A decision is still yet to be made over the controversial Compulsory Purchase Order (CPO) for Millwall FC’s land around its football stadium, The Den, by Lewisham Borough Council.
The Council’s meeting to approve the CPO was due to take place on 11 January 2017 following an adjournment in December 2016. This meeting is rescheduled for early February 2017 to allow time for discussions over the future of Millwall’s youth academy and the Millwall Community Trust.
The potential CPO land is currently used for The Den’s car park and the Millwall Community Trust. The Council intends to acquire and sell this land to property developer Renewal, an offshore registered company, for a proposed 2,400 housing development in the area. The Council say that this redevelopment will not only lead to the creation of around 1,500 permanent jobs, but will also offer benefits for the club valued at around £7 million. Millwall FC had previously drawn up plans for a redevelopment of their own costing £140 million, which were not approved by the Council.

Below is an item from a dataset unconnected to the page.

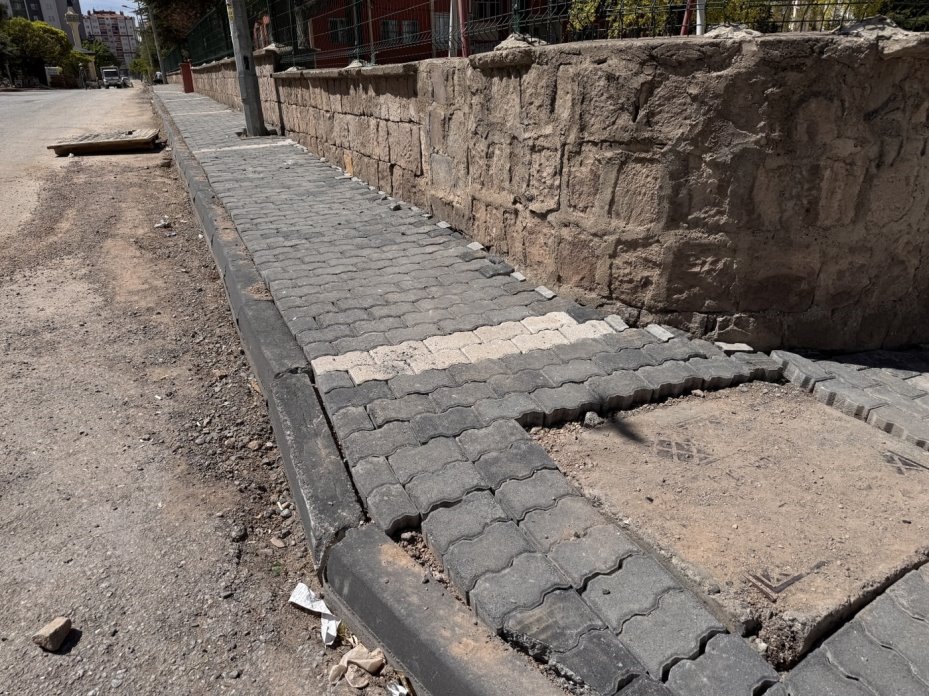 Melikgazi, İldem’e konforlu yaya yolları yapıyor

If the CPO is approved, Millwall’s Chief Executive, Steve Kavanagh , has confirmed Millwall FC will contest the decision. This would probably result in a public inquiry, at which a decision would be made by the Secretary of State for Communities and Local Government to confirm, modify or reject the CPO.
The Council’s decision to proceed with a CPO meeting has been met with fierce criticism, not only from Millwall FC, but also local businesses and residents. Senior figures such as Tim Farron and Greg Dyke have also voiced their concerns. Furthermore, most recently, London Mayor Sadiq Khan gave his support to Millwall staying in Lewisham. Millwall have also refused to rule out relocating the club, possibly out of the borough of Lewisham, Millwall’s home since 1910. This could remove the beneficial work of the Millwall Community Trust and Millwall’s Category Two football academy from the area, and local businesses, residents and fans of the club have said they would be severely impacted.

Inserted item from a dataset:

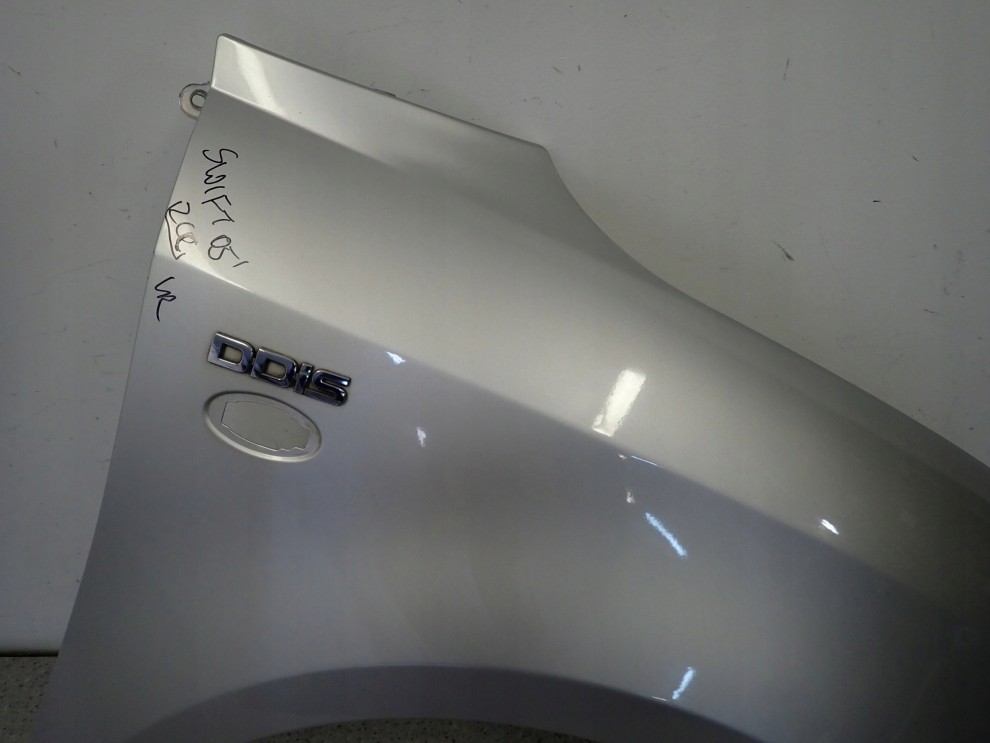 SUZUKI SWIFT III MK6 05-10 BŁOTNIK PRZEDNI PRAWY ZCC 4/13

Clearly, the Council’s second adjournment in less than a month indicates further consideration of the CPO is required. Whilst difficult to assess and quantify, the potential negative and long-term impact of a CPO on both the club and the local community needs careful consideration. The use of a CPO should be in the overriding public interest, and viewed as a ‘last resort’, once all other efforts to discuss and negotiate with interested parties have been exhausted.

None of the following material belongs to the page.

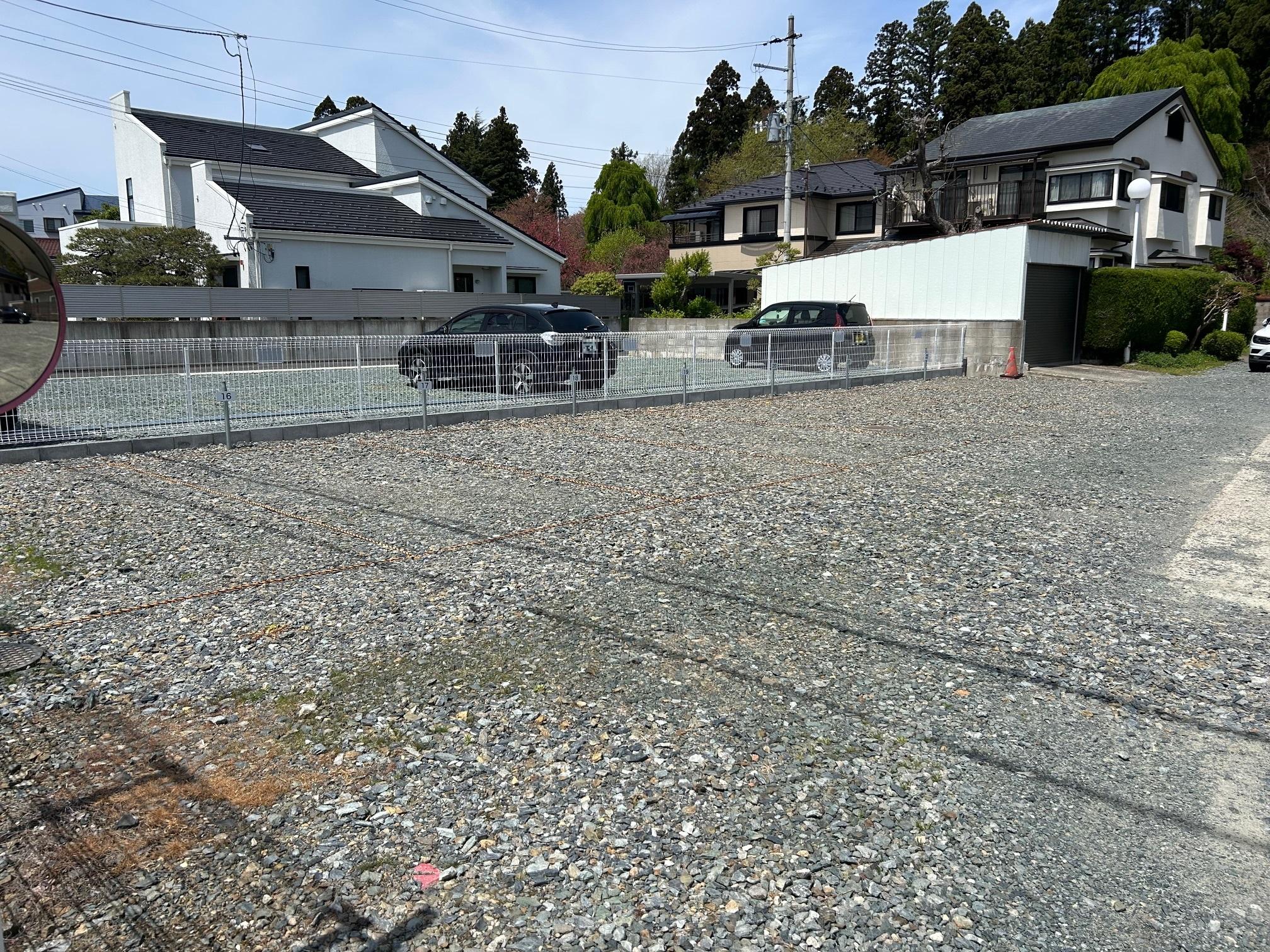 愛宕町パークKの外観・駐車場イメージ2枚目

If the Council does decide to approve the CPO next month, the expected public inquiry and decision of the Secretary of State could take between 12 to 18 months. If the Secretary of State approves the CPO, the interested parties have the right to appeal to the High Court and otherwise there are several routes to taking physical possession and paying compensation. It remains to be seen whether the Council will proceed with the CPO. However, it seems that Millwall FC remain determined to fight against any CPO decision.